Subject: Re: [OM] [OT] now architecture, was -> Guess the auction
From: Dirk Wright <wright@xxxxxxxxxxxx>
Date: Tue, 01 May 2001 09:06:01 -0400
>Hey Stevo - wanna tell him what Canberra is really like?!
>AndrewF
>
>

Canberra was designed by one of my favorite US Prairie School architects, 
Walter Burley Griffin and his architect wife, Marion Mahony Griffin. Some of 
the work they did here in the US is just stunning. I love it. 

At the time that Griffin won the competition for the capital of Australia, 
due in large part to the outstanding renderings by his wife, the Prairie 
School was in decline here in the US. Chicago, the birthplace of the Prairie 
School, in the year 1900 was still considered "the west" and a certain level 
of innovation was allowed and accepted by the public. The School was radical 
for its day, and derided by the east coast traditionalists. The School was 
the first to use the open floorplan, where the foyer, living room, dinning 
room, and sometimes the kitchen were joined, and divided only by short half 
walls or just builtin furniture. This concept is used to this day in all new 
houses here in the US. Previously, all rooms were divided by walls and doors. 
The School destroyed the boxes and opened the interior space. 
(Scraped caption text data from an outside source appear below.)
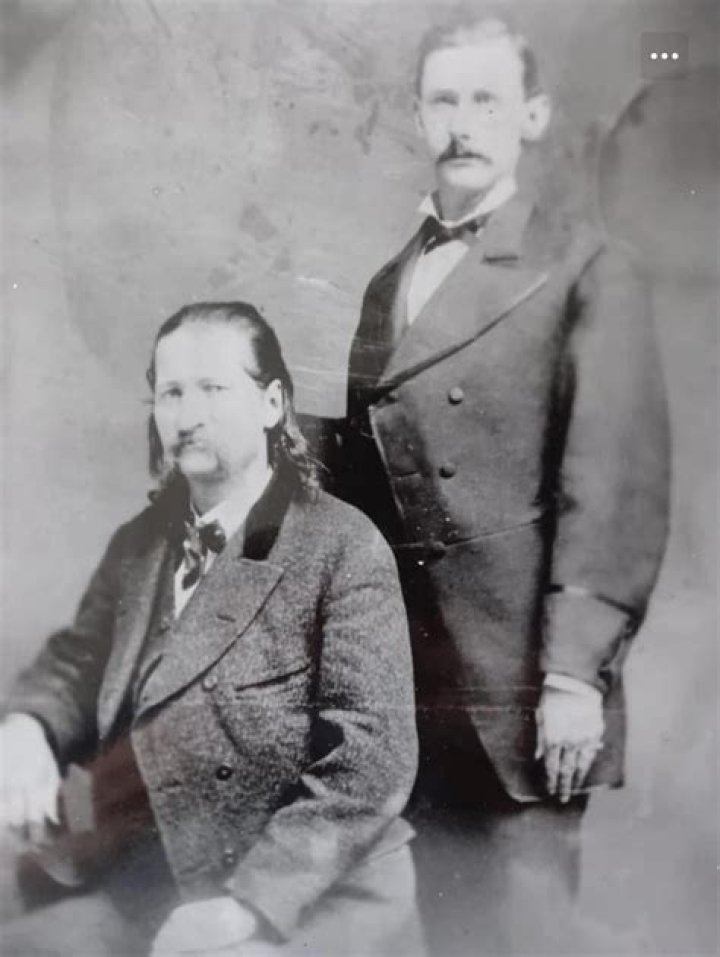 How Old Is Kramer Hickok Wife? Meet Anne Hickok On Instagram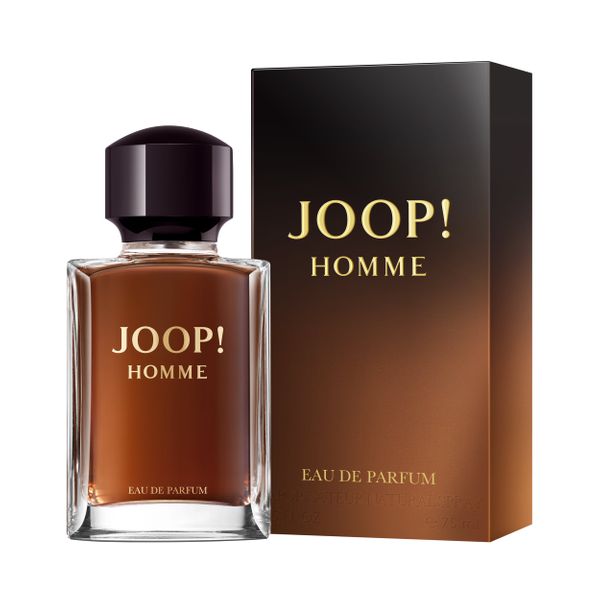 Joop! Homme Eau de Parfum M EdP 75 ml /2021
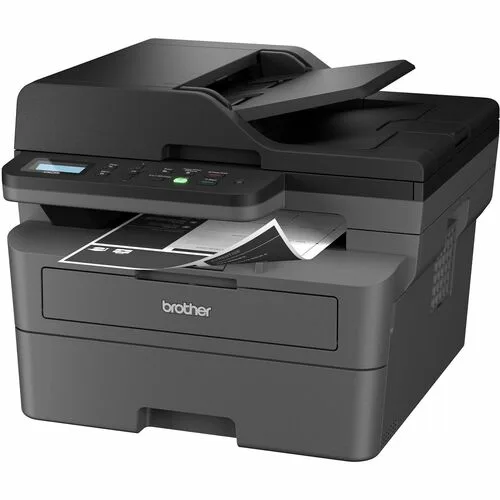 Vista 4 de DAMAGE BOX Brother DCPL2640DW Multifunci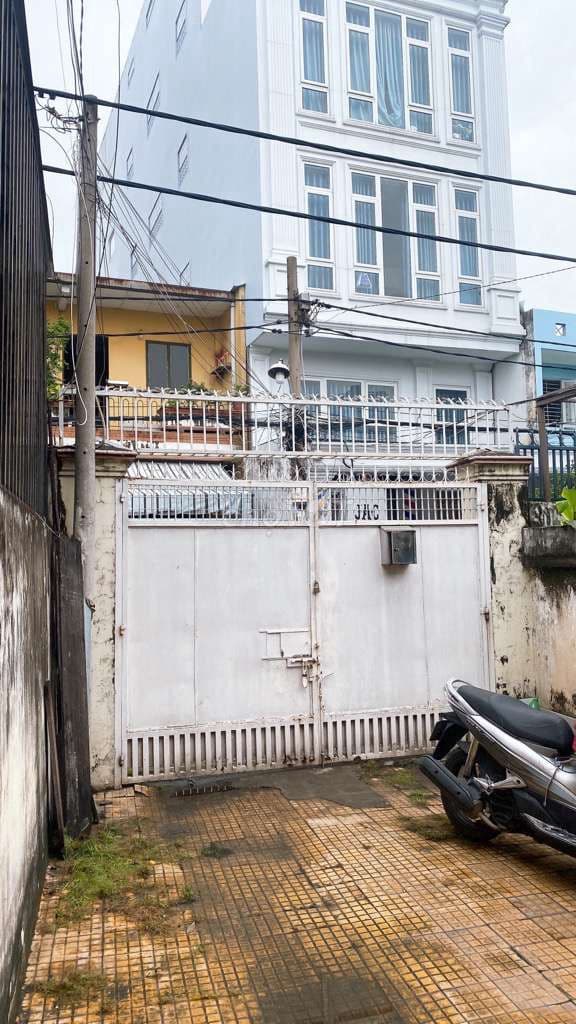 143M2 NGANG 5×30 CHU VĂN AN XE TẢI THÔNG TỨ PHÍA - NỞ HẬU CHỈ 80tr/m2 - Ảnh 3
The rise of women's influence in home design decisions, due to the women's 
suffrage movement, was mostly responsible for killing off the school. By 
around 1915, the vast majority of wives in the midwest were under the 
influence of the style magazines from the east coast, which promoted the 
Colonial style as being the most respectable and accepted. FL Wright used to 
say that when a couple came in to his office, if the man was in charge, he 
was certain to get the job, if the woman was in charge, then he knew he 
wouldn't get it. There were some homes built that were Prairie School on the 
outside but Colonial on the inside to satisfy both parties.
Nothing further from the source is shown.